From the first day I started to take note of things, I knew that a family lived on the street behind us – the Zhou Fools.
It wasn’t just one or two of them. The whole family was nicknamed the "Zhou Fools". That’s what folks called them, for no apparent reason.
The Zhous weren’t really a family of fools. None of them, neither adults nor children, were snot-nosed, or drooled, or went running naked down the street. In contrast (and I’ve kept statistics) except for the Zhous almost every family in the village where I lived had one or two members who were stupid nitwits, or maybe even a whole nest of them.
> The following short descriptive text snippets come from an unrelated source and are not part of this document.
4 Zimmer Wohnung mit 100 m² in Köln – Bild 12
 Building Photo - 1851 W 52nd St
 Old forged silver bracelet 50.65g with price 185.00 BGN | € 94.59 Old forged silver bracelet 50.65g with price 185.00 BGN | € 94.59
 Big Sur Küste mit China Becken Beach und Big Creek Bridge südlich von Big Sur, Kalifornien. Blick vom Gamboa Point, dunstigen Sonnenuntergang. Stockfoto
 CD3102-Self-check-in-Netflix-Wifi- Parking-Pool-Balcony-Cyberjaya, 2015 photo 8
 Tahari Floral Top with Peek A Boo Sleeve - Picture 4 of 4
But the harsh nickname "fools" was imposed on the Zhou family. They seemed to take it in stride, because whenever someone in the village called them that, the whole family would answer to the name. None of them expressed any disagreement at all, much less protest.
Old Zhou Fool is around seventy-five this year, a bit older than my father. His wife died a few years ago in the city, and they brought her home to bury her in the family plot on the west side of the village.
When he was “Young Zhou Fool” he had seven kids all told, four sons and three daughters. The fifth one, namely “Fifth Zhou Fool, is a son. He and I were in primary school and junior high together. In high school he was recruited as an air force pilot. After going through repeated medical examinations, he put on the Red Flower Badge as a member of the Chinese Army. He was the first person in the history of our village to "climb the stairway to Heaven". This Zhou Fool, my classmate, is still in the military, a training officer with the rank of Senior Colonel.
As for the other young fools in the Zhou family, five of them went to college, two of them outside China. The only one of the kids who didn’t go to college was the eldest, namely Big Zhou Fool. He’s now a Brigade Captain with the city traffic police. As my father puts it, "Those people are awesome."
The Zhou Fool family is so foolish they make everyone in the village green with envy. It’s really puzzling. When I was home last year, I found out that Old Zhou Fool, who’d always lived on the street behind us, had moved into the city a few years ago. Before that, the old fellow and his wife had stubbornly remained living in the country no matter how hard their children tried to get them to move to the city. The whole village, and especially the younger generation, agreed that the Zhou Fools were worthy of the name. Some said that "Zhou Fool" refers specifically to the old man, but his wife and children said he was being blamed unjustly.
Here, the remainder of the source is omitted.